* _Aim of the task_
Repeat all the data that appears below, keeping it exact.
(Data to process)
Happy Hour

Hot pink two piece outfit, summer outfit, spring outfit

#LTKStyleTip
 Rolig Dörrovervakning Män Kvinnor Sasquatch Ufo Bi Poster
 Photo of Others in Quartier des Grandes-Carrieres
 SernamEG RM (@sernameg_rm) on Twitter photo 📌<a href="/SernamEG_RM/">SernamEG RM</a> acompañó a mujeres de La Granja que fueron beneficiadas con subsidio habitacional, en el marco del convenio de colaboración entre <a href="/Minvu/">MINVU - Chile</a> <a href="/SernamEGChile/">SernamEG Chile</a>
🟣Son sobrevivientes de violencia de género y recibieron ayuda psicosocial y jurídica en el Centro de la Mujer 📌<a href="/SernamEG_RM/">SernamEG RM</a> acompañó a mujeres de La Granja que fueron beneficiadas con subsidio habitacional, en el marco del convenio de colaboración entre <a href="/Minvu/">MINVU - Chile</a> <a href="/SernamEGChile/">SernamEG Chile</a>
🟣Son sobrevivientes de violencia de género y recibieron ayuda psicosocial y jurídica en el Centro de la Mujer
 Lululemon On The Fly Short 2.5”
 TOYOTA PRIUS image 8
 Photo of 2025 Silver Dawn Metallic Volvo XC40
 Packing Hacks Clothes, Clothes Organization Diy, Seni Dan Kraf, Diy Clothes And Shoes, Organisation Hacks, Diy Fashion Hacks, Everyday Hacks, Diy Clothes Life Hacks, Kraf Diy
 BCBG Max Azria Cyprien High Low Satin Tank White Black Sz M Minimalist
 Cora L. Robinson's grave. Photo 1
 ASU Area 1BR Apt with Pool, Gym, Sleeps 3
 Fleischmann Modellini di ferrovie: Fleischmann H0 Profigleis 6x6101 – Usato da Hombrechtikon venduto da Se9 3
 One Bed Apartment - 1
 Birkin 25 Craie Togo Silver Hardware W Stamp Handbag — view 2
(End Data to process)
* _Answer to this problem_
Happy Hour

Hot pink two piece outfit, summer outfit, spring outfit

#LTKStyleTip
 Rolig Dörrovervakning Män Kvinnor Sasquatch Ufo Bi Poster
 Photo of Others in Quartier des Grandes-Carrieres
 SernamEG RM (@sernameg_rm) on Twitter photo 📌<a href="/SernamEG_RM/">SernamEG RM</a> acompañó a mujeres de La Granja que fueron beneficiadas con subsidio habitacional, en el marco del convenio de colaboración entre <a href="/Minvu/">MINVU - Chile</a> <a href="/SernamEGChile/">SernamEG Chile</a>
🟣Son sobrevivientes de violencia de género y recibieron ayuda psicosocial y jurídica en el Centro de la Mujer 📌<a href="/SernamEG_RM/">SernamEG RM</a> acompañó a mujeres de La Granja que fueron beneficiadas con subsidio habitacional, en el marco del convenio de colaboración entre <a href="/Minvu/">MINVU - Chile</a> <a href="/SernamEGChile/">SernamEG Chile</a>
🟣Son sobrevivientes de violencia de género y recibieron ayuda psicosocial y jurídica en el Centro de la Mujer
 Lululemon On The Fly Short 2.5”
 TOYOTA PRIUS image 8
 Photo of 2025 Silver Dawn Metallic Volvo XC40
 Packing Hacks Clothes, Clothes Organization Diy, Seni Dan Kraf, Diy Clothes And Shoes, Organisation Hacks, Diy Fashion Hacks, Everyday Hacks, Diy Clothes Life Hacks, Kraf Diy
 BCBG Max Azria Cyprien High Low Satin Tank White Black Sz M Minimalist
 Cora L. Robinson's grave. Photo 1
 ASU Area 1BR Apt with Pool, Gym, Sleeps 3
 Fleischmann Modellini di ferrovie: Fleischmann H0 Profigleis 6x6101 – Usato da Hombrechtikon venduto da Se9 3
 One Bed Apartment - 1
 Birkin 25 Craie Togo Silver Hardware W Stamp Handbag — view 2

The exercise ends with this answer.